(TASK DESCRIPTION) Every line from the one with "this 1288×947 image." to the final line of the listing below should be repeated exactly, and only those.

(EXERCISE INPUTS)
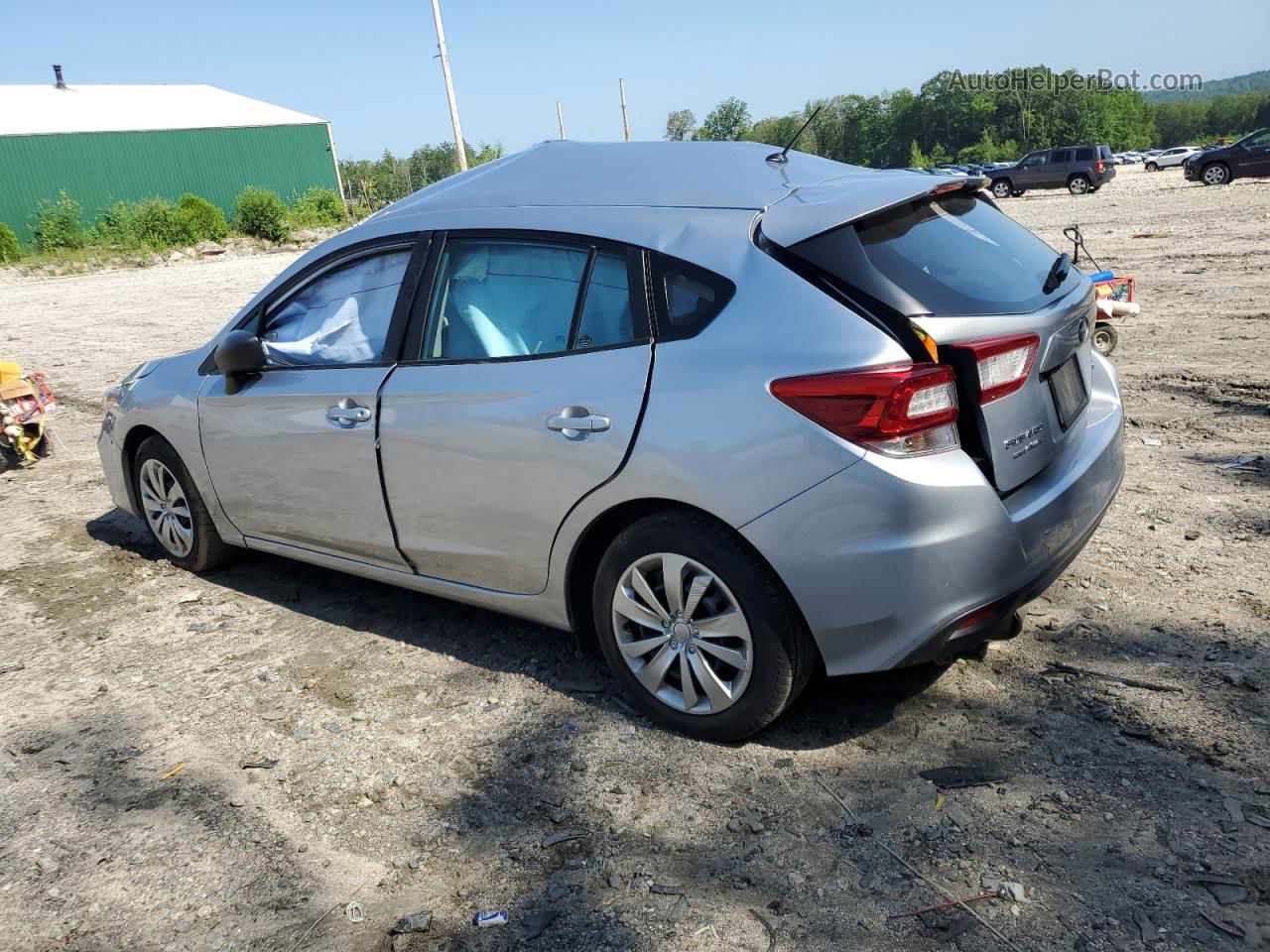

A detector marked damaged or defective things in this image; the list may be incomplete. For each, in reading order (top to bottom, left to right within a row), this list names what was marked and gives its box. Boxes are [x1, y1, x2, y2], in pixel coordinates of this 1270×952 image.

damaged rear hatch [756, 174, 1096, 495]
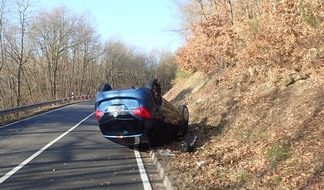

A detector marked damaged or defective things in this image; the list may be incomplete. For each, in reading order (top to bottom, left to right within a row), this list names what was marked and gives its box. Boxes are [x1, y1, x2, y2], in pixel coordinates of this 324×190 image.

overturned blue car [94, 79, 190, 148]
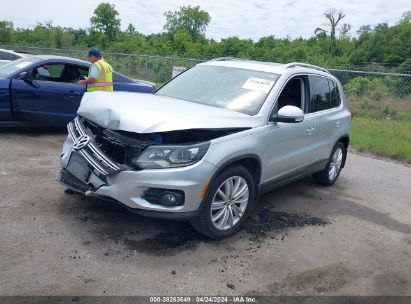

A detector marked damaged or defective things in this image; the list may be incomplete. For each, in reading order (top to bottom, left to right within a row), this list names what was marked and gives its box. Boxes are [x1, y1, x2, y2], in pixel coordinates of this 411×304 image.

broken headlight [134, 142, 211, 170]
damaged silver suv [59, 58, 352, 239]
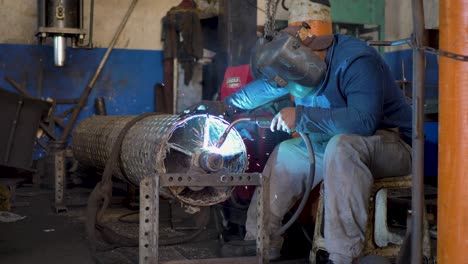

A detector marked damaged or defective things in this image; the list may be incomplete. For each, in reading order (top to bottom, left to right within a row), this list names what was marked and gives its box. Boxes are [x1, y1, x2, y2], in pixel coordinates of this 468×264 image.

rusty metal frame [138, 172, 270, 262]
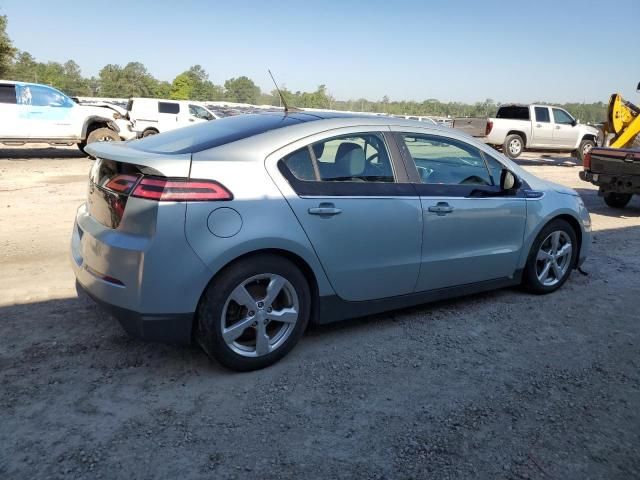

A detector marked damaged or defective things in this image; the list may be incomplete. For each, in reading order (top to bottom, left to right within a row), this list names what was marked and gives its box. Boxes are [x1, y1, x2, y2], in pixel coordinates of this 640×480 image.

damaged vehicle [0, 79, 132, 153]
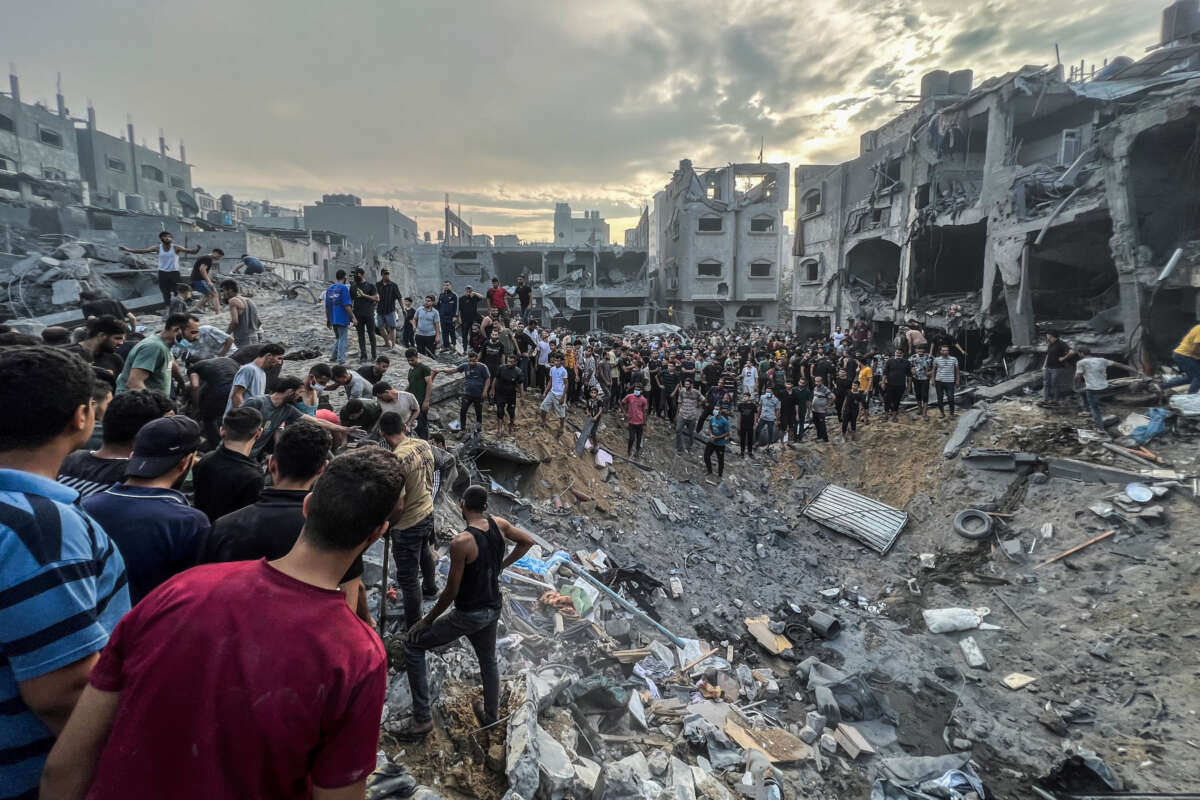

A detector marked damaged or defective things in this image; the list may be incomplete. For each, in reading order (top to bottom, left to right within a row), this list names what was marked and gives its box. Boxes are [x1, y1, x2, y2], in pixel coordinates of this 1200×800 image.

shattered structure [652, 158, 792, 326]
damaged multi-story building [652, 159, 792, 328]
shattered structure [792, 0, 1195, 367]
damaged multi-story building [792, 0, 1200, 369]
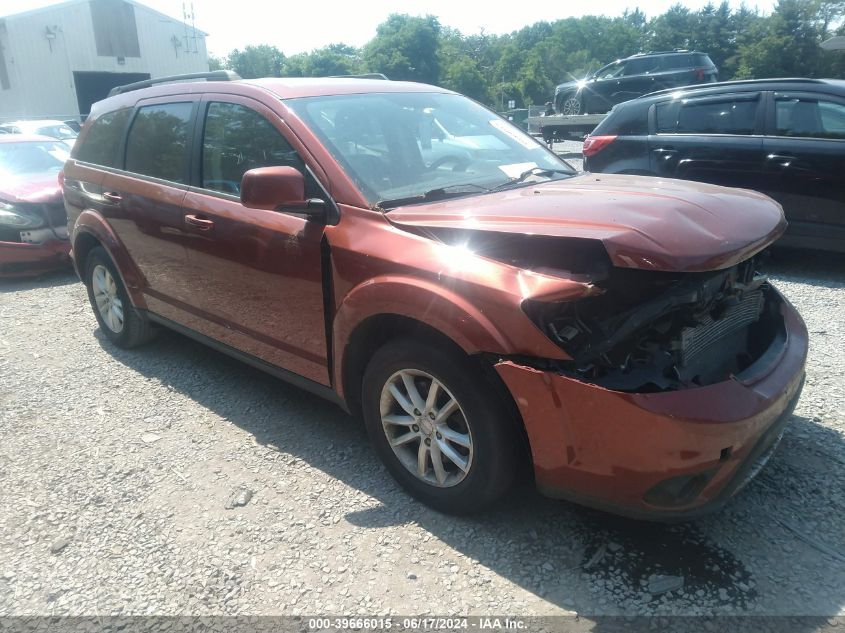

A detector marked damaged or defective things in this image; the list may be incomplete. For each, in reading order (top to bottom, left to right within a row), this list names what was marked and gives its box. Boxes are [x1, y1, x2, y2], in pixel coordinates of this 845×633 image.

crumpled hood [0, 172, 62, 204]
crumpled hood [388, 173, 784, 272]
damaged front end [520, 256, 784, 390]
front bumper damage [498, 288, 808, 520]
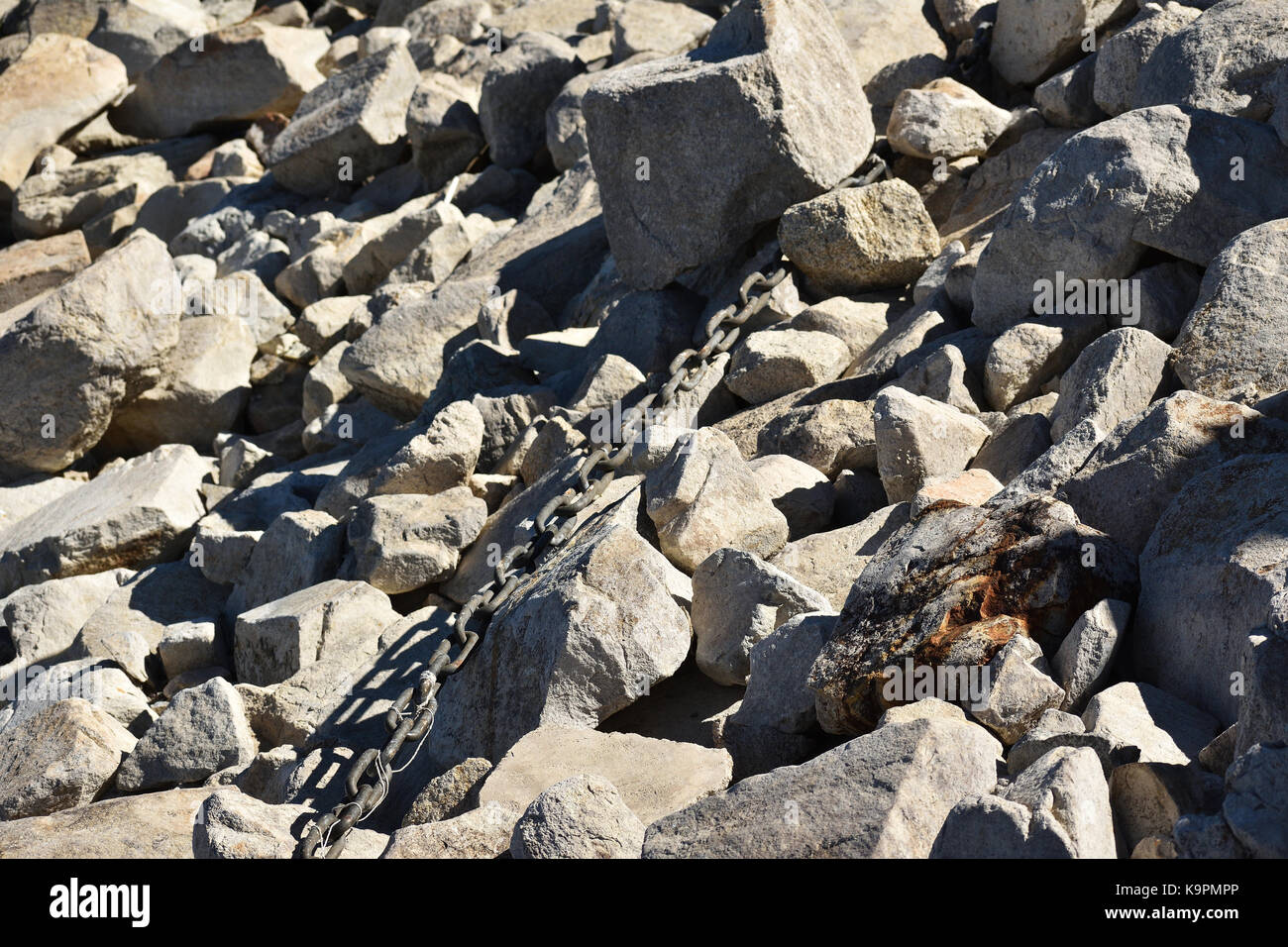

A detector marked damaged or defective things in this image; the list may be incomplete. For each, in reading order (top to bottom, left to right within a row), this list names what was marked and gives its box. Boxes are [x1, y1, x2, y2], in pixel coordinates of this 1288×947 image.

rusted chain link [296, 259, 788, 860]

(SOLUTION FOR THIS PROBLEM)
A detector marked damaged or defective things in this image; the list may be incomplete. For each, in reading order (top to bottom, left to right within a row), this list names what was marked and gives its box. Boxes are [x1, y1, x2, y2], in pixel coordinates of this 1288×947 image.

rusted chain link [296, 259, 788, 860]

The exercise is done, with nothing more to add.